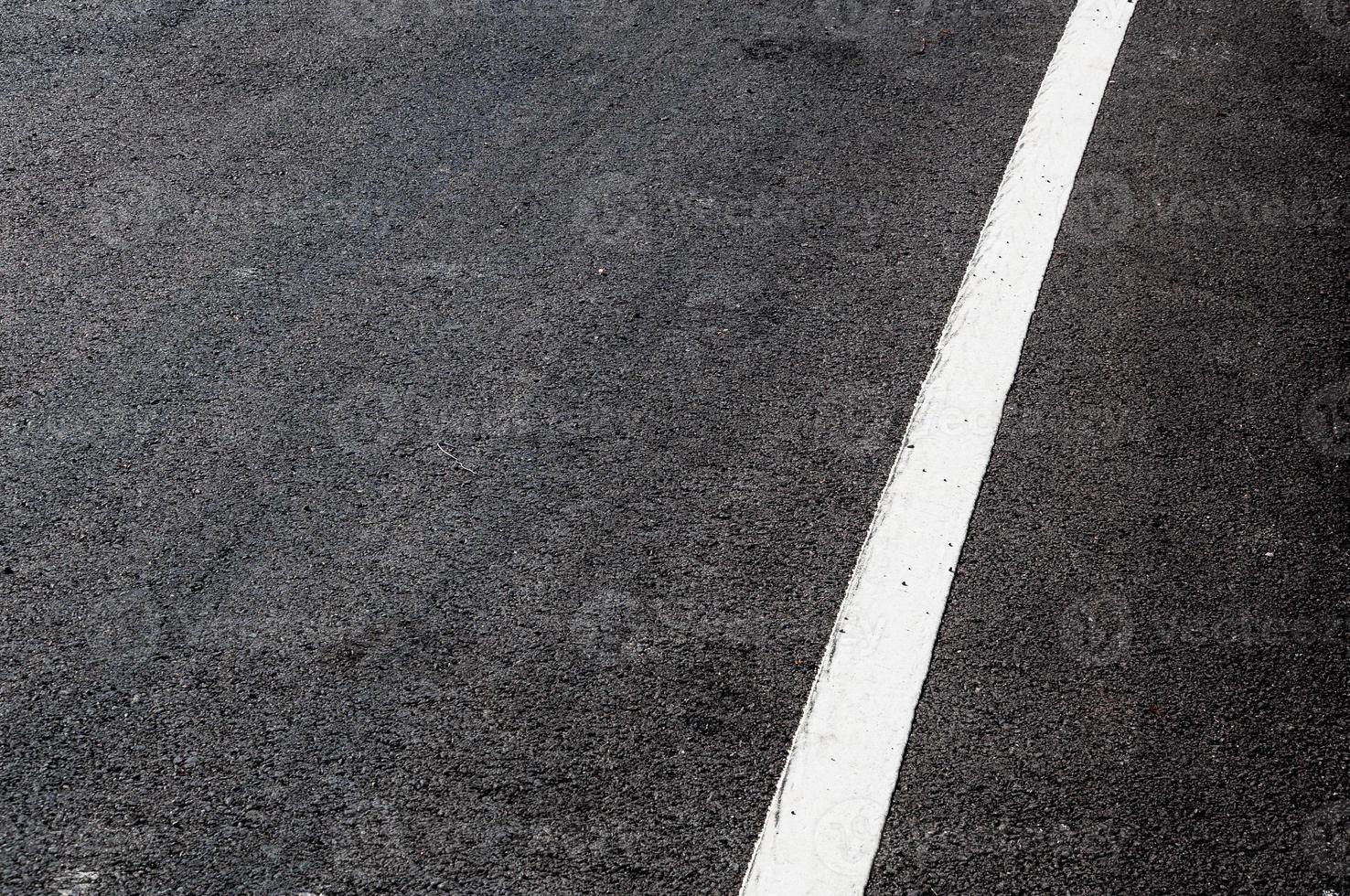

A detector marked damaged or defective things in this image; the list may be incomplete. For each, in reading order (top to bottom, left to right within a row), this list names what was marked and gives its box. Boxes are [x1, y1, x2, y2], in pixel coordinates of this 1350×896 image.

white paint chip [745, 3, 1133, 891]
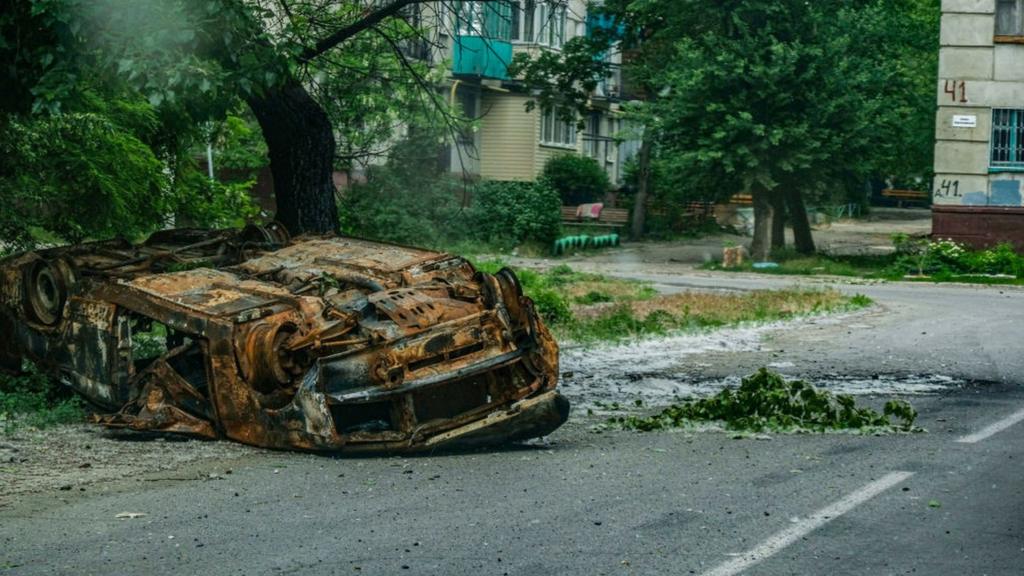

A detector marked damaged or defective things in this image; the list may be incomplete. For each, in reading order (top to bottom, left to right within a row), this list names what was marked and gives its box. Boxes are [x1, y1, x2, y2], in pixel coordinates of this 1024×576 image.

charred car interior [0, 222, 569, 450]
burned out car [0, 226, 569, 450]
rusted car body [0, 226, 569, 450]
overturned car [0, 226, 569, 450]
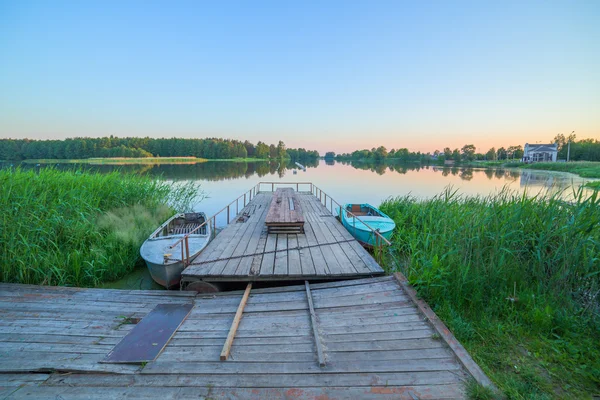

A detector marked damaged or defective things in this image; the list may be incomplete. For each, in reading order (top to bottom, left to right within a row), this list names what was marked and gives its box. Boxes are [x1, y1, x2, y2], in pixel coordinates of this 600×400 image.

rusty metal plate [102, 304, 192, 366]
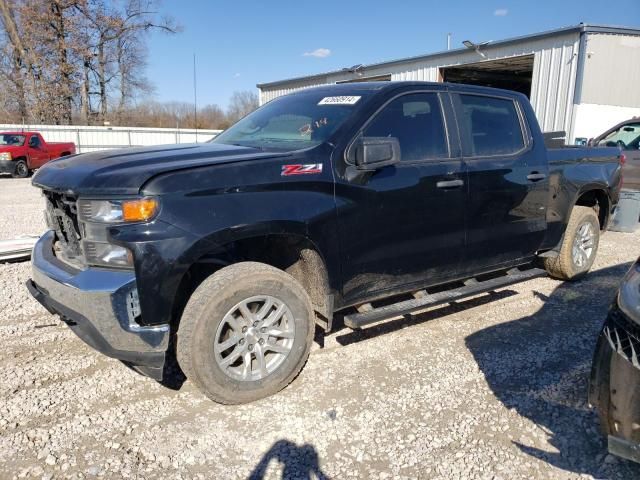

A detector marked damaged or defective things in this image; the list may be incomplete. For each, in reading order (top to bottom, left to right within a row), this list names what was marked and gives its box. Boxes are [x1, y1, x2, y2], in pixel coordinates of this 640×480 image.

damaged front bumper [26, 231, 169, 380]
damaged front bumper [592, 304, 640, 464]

▶ _REQUIRED ACTION_
Repeat the whole of the material above exactly, but keep the pictures out.

▶ _SOLVED EXERCISE_
A detector marked damaged or defective things in this image; the list may be incomplete. For each, in reading order (top to bottom, left to right within a row), this list names what was marked and gives its box. Boxes are [x1, y1, x2, y2], in pixel coordinates of this 1350×896 image.

white paint chip [745, 3, 1133, 891]

A detector marked damaged or defective things in this image; the list may be incomplete. For each, in reading order (top to bottom, left to right within a row), this list names what was marked and gives its box. Boxes are [x1, y1, x2, y2], in pixel coordinates of this 1024×576 image.

charred car interior [0, 222, 569, 450]
burned out car [0, 226, 569, 450]
rusted car body [0, 226, 569, 450]
overturned car [0, 226, 569, 450]

A detector marked damaged or defective things in this image; the list may be incomplete. For each, in reading order (top to bottom, left to right within a row), this list names what was marked and gives its box. Boxes are [x1, y1, x2, y2], in pixel coordinates of this 600×400 image.

rusty metal plate [102, 304, 192, 366]

A detector marked damaged or defective things in this image; the list may be incomplete. For each, in reading order (top to bottom, left to right within a row), this list names what was marked and gives its box. Boxes are [x1, y1, x2, y2], in pixel coordinates of this 640×480 image.

damaged front bumper [26, 231, 169, 380]
damaged front bumper [592, 304, 640, 464]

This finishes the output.